## Task instructions
Exact reproduction required: the lines below from the line with "New 2026 Jeep" to the line with "New 2026 Hyundai Kona Limited image 8", both ends included, and no others.

## Supplied data
▼

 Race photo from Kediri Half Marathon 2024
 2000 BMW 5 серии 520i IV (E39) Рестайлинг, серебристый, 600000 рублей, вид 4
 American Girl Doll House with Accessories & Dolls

▲
▼

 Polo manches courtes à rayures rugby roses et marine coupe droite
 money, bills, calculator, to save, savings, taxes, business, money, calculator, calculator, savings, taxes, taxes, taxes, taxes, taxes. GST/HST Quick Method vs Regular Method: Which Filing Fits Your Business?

▲
▼

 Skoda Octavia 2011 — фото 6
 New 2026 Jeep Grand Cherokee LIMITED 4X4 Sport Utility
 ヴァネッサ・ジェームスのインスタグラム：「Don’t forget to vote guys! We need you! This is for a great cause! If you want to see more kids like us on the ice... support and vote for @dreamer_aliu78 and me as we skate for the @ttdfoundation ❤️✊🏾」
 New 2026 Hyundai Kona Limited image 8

▲

## Result of this exercise
 New 2026 Jeep Grand Cherokee LIMITED 4X4 Sport Utility
 ヴァネッサ・ジェームスのインスタグラム：「Don’t forget to vote guys! We need you! This is for a great cause! If you want to see more kids like us on the ice... support and vote for @dreamer_aliu78 and me as we skate for the @ttdfoundation ❤️✊🏾」
 New 2026 Hyundai Kona Limited image 8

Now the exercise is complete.